AG explains ConCourt role in minister’s case.

Wed, 23 Nov 2016 13:32:58 +0000

MY ROLE as Attorney General is not to get money from the State but to ensure that justice is served without discrimination, State Counsel Likando Kalaluka has said.

Mr Kalaluka yesterday told the Constitutional Court this during his application for the court to amend its own judgment that ministers should not pay back emoluments obtained during the period they stayed in office after the dissolution of parliament in May 9, 2016.

State Counsel Kalaluka argued that there was nothing in the Constitution that limited the Constitutional Court mandate to hear its own judgment. He said he does not subscribe to arguments that the court was in any way subordinate to the High Court in addressing issues pertaining to the Bill of Rights.

He said the Zambian Constitution does not say the Constitutional Court was final except that it would not be appealable to the Supreme Court. He said the court should therefore not refuse to hear the matter as it would limit its own mandate to allow for the development of the law.

“This court has a mandate to allow the development of the law. And if the court refused to hear the matter it means there will be no development of the law,” he said.

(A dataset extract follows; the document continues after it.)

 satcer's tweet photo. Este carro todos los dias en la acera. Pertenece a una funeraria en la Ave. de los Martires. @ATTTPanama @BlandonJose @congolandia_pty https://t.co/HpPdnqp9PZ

He was responding to Law Association of Zambia lawyer, John Sangwa, SC, who argued that the AG was wrongly before the court as a public officer representing private individuals. He said the former ministers had the right to move court as individuals or as a group and not through the office of the Attorney General who was a public officer.

He said there was nowhere in the law that allowed the AG to represent private individuals as was in the matter before the Constitutional Court.

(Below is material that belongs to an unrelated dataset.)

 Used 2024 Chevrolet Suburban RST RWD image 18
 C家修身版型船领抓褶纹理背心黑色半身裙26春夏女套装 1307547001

LAZ and UPND secretary general Stephen Katuka won a petition against the continued stay in office of ministers which the Constitutional Court ruled was illegal, ordering them to pay back all emoluments received during the almost three months in office.

And UPND lawyer Keith Mweemba accused the Attorney General of putting himself at risk of creating a criminal offence as his application was against public interest to fight the order of the court.

Mr Mweemba said the AG could not hold any office other than that of a public officer and could not be allowed to represent private individuals.